EXERCISE INPUT →
Segment Open

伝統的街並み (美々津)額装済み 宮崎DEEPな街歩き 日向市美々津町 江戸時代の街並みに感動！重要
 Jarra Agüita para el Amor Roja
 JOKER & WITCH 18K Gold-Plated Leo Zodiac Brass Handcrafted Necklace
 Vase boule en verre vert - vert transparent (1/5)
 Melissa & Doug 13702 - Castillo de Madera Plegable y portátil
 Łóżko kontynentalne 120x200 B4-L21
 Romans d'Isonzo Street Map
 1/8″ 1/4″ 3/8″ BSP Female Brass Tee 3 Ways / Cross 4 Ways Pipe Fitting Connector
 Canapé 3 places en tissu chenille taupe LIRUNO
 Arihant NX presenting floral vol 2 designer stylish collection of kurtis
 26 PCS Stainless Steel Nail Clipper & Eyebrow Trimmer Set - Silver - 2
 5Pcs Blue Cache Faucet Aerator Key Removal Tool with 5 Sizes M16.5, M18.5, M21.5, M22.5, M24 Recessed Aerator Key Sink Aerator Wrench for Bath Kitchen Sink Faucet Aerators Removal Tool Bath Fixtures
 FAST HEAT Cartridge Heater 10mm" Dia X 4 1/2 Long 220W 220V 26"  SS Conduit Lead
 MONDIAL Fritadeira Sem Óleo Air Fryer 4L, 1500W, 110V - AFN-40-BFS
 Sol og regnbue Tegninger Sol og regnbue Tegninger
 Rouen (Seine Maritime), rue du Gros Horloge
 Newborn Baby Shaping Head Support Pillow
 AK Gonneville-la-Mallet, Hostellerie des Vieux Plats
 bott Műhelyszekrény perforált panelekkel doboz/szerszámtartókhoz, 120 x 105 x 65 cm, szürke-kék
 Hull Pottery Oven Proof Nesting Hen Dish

Segment Closed

YOUR GOAL → Each line from the top of the material above, through the one that contains "26 PCS Stainless", should be restated word for word.

EXERCISE RESPONSE →
伝統的街並み (美々津)額装済み 宮崎DEEPな街歩き 日向市美々津町 江戸時代の街並みに感動！重要
 Jarra Agüita para el Amor Roja
 JOKER & WITCH 18K Gold-Plated Leo Zodiac Brass Handcrafted Necklace
 Vase boule en verre vert - vert transparent (1/5)
 Melissa & Doug 13702 - Castillo de Madera Plegable y portátil
 Łóżko kontynentalne 120x200 B4-L21
 Romans d'Isonzo Street Map
 1/8″ 1/4″ 3/8″ BSP Female Brass Tee 3 Ways / Cross 4 Ways Pipe Fitting Connector
 Canapé 3 places en tissu chenille taupe LIRUNO
 Arihant NX presenting floral vol 2 designer stylish collection of kurtis
 26 PCS Stainless Steel Nail Clipper & Eyebrow Trimmer Set - Silver - 2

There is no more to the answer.